In the End (Starbounders)

I need to reach my cellblock and figure out what to do from there. Jacks and Brenna should be safe inside.

Keeping my back to the wall, I circle the exercise yard, which has deteriorated into utter chaos. Only a few of the bitten have turned into full Floraes; most are in varying degrees of change and writhe on the ground in pain. One man I pass stares at his green arms, unbelieving. Another holds his nose in place as he pulls clumps of hair from his head.

I hurry along the wall, my progress interrupted by others infected who have not yet begun to change, pleading for help. I ignore them, though each appeal cuts through me like a knife, leaving a sharp pain in my chest. It is too late for them, though. They’re doomed.

I reach the chain-link fence that separates the Arena from the Yard. Half of it has been torn down. A determined Florae now feasts within the crumpled fence, surrounded by bodies.

I continue on past the damaged area of the fence before the creature can focus on me, but another Florae has homed in on the smell of his blood. It might have passed me in the dark, but a spotlight sweeping the yard highlights me for a fraction of a second, just long enough for this new Florae to focus its weak eyes on me. It speeds toward me, and I manage to shoot it in the neck—only enough to slow it down. It plows into me, driving me against the half-erect fence. Weakened by its wound, though, it merely pinches at my synth-suit as it tries to bite my shoulder. I work my knife into the hole my bullet opened in its neck until the blade finds the spinal column, and then I pull it out for one final thrust. The knife severs its spine with a sickening snap, and the creature falls to the ground, twitching.

Freed, I move past Cellblock A, pushing through a crowd of people fighting to get inside. Cellblock B is no better. There’s a man at the door with a rifle. I survey the twenty or so people between us, unable to tell if they’re infected or not. I don’t see any bites or gashes, but I understand the man not wanting to take any chances.

“Get lost or get shot,” he tells a man pressing close to him.

“My cell is in there!” the man shouts. “My wife is waiting for me.”

“Too bad,” the armed man says, knocking the man back with the butt of the rifle, then sweeping its barrel back and forth before the crowd. He’s trying to contain the infection to the Yard. Understandable, but I have to get inside. That’s where Jacks would look for me. I step up, putting away my weapons and pulling down my hood so he can see my face.
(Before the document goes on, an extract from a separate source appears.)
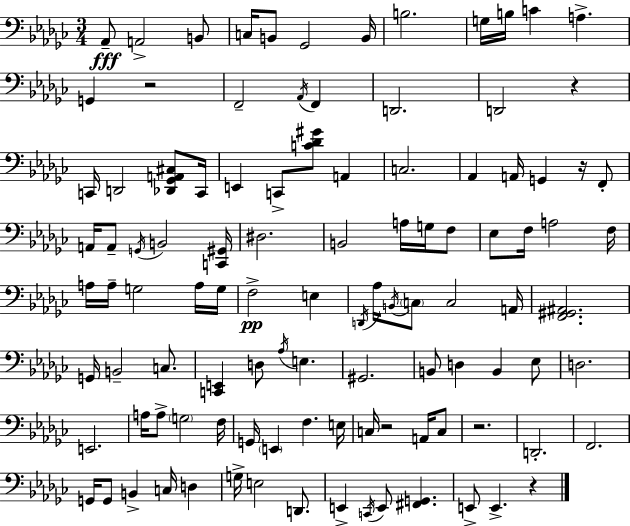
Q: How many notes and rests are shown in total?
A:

“I just want to go to my cell and lock myself in,” I say, looking at him over the end of the rifle barrel now trained on me. “I haven’t been bitten, and if I had, I wouldn’t do much damage from inside my cell.”

The people around me murmur their agreement and, pushing in around me, move me to within inches of the rifle barrel’s cold black eye.

Lowering my voice, I say, “You’re not going to be able to hold all these people for much longer, not if they decide to rush you.” I can see the fear in the man’s eyes, but he holds his ground. “It’s admirable, what you’re trying to do,” I tell him, “but don’t you think you’d be better off going to your own cell and locking yourself in?”

He considers this, nodding just perceptibly, then takes a step back into the cellblock. “All right. Y’all got thirty seconds to get to your cells and lock the doors. If I catch anyone out, I’ll shoot. I ain’t getting bit by no damned Florae.”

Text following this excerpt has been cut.